Dataset records:
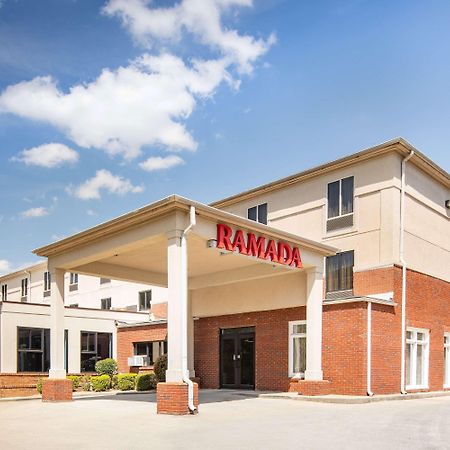 מלון Ramada By Wyndham Alpharetta Atlanta North מראה חיצוני תמונה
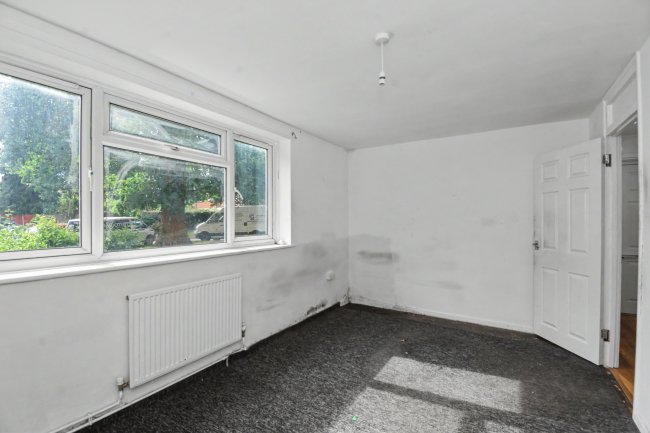 20 Lydbury, Bracknell, Berkshire, RG12 9HH 3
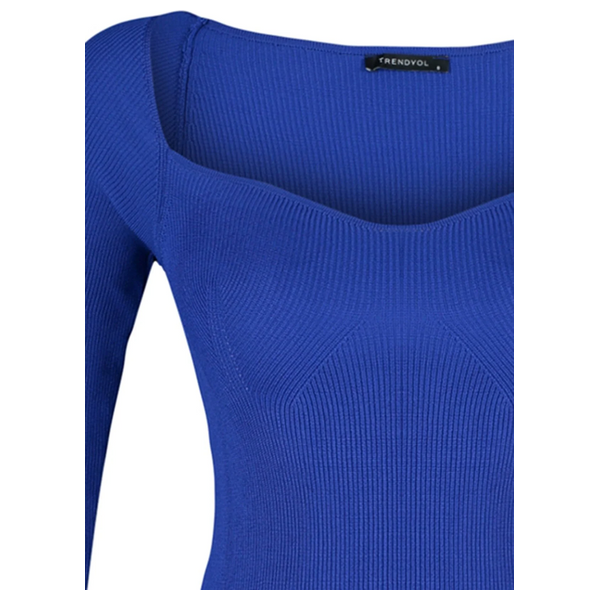 Trendyolmilla Heart Collar Knitwear Sweater - Blue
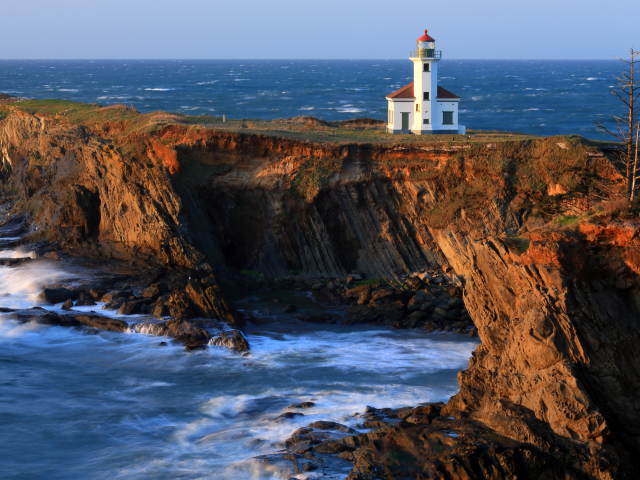 Sfondi Cape Arago Lighthouse 640x480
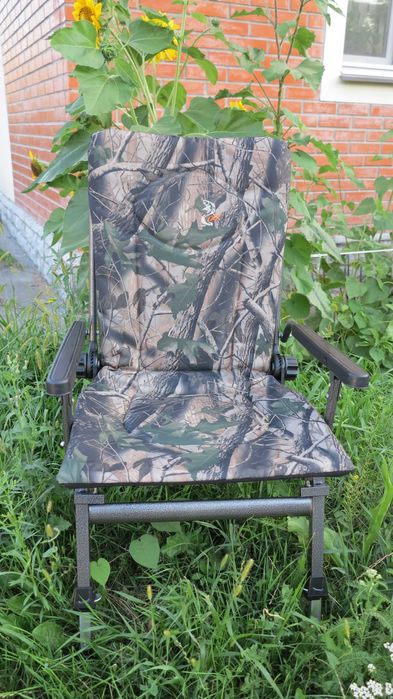 Польское с подлокотниками кресло складное рыбацкое наклон 110кг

Work required: Without any pictures, retype the records above exactly.

Exercise result:
 מלון Ramada By Wyndham Alpharetta Atlanta North מראה חיצוני תמונה
 20 Lydbury, Bracknell, Berkshire, RG12 9HH 3
 Trendyolmilla Heart Collar Knitwear Sweater - Blue
 Sfondi Cape Arago Lighthouse 640x480
 Польское с подлокотниками кресло складное рыбацкое наклон 110кг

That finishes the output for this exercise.